Start of Block

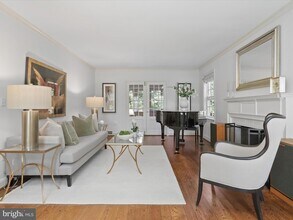 4725 Rock Spring Rd in Arlington, VA - Foto de edificio - Building Photo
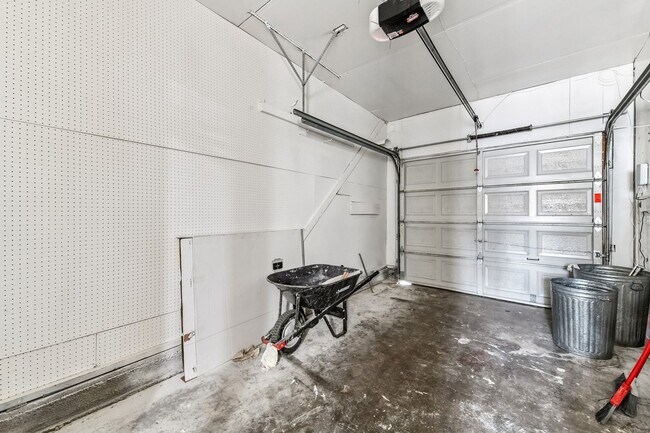 Building Photo - Stunning Single Family Home | 4BR/2BA | 1-Car Covered Parking | Fenced backyard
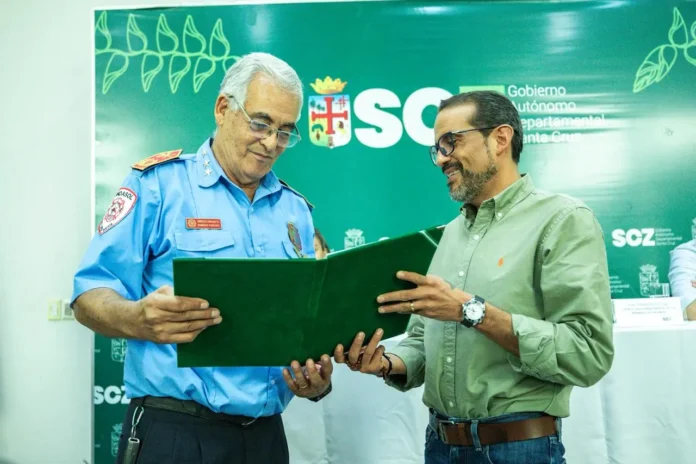 la-gobernacion-entrega-personalidad-juridica-a-bomberos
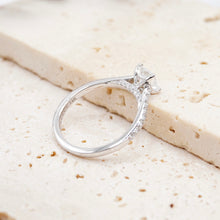 Load image into Gallery viewer, Lucce Firenze Pavé Princess Diamond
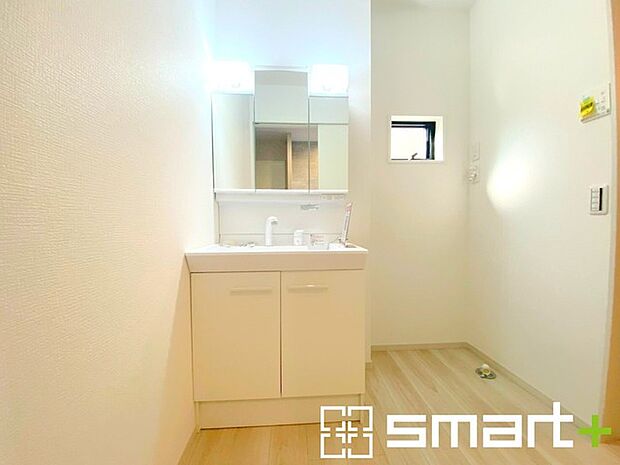 〜シャワー付き洗面台を採用〜 ・洗面台の蛇口がホースで伸びシャワーとしてご利用可能。 ・朝の寝ぐせ直しなどにシャワーを使いたい時、洗面台の掃除をする際にも便利にお使いいただけますよ。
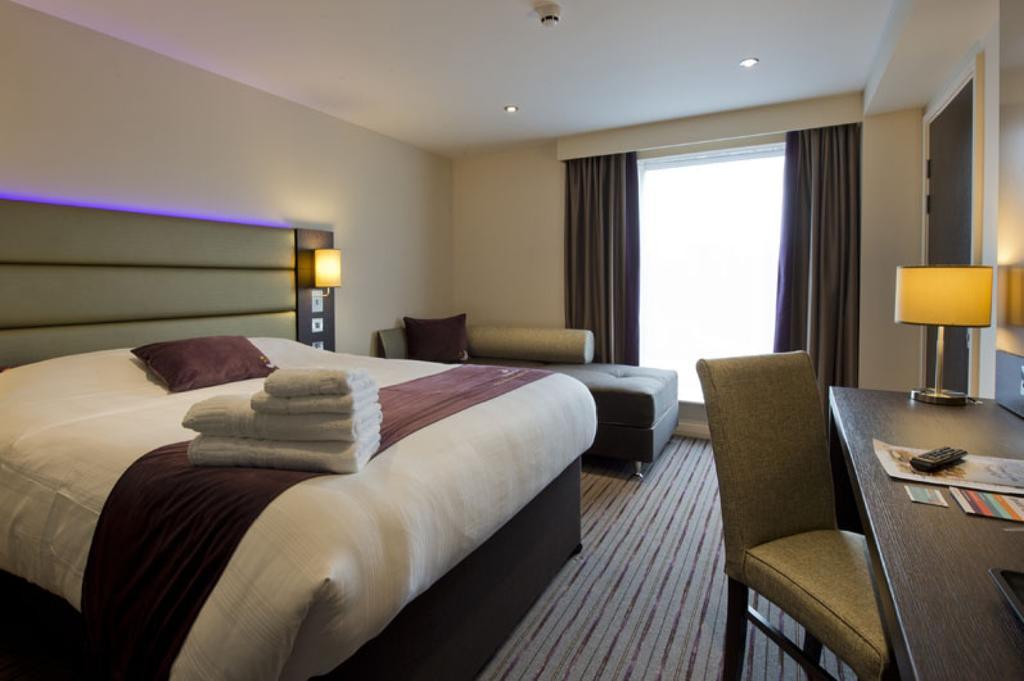 Premier Inn Watford Central Watford (Hertfordshire) Exterior foto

End of Block

=== WHAT IS NEEDED ===
When you copy the lines above, drop the pictures and keep everything else exact.

=== RESULT ===
 4725 Rock Spring Rd in Arlington, VA - Foto de edificio - Building Photo
 Building Photo - Stunning Single Family Home | 4BR/2BA | 1-Car Covered Parking | Fenced backyard
 la-gobernacion-entrega-personalidad-juridica-a-bomberos
 Load image into Gallery viewer, Lucce Firenze Pavé Princess Diamond
 〜シャワー付き洗面台を採用〜 ・洗面台の蛇口がホースで伸びシャワーとしてご利用可能。 ・朝の寝ぐせ直しなどにシャワーを使いたい時、洗面台の掃除をする際にも便利にお使いいただけますよ。
 Premier Inn Watford Central Watford (Hertfordshire) Exterior foto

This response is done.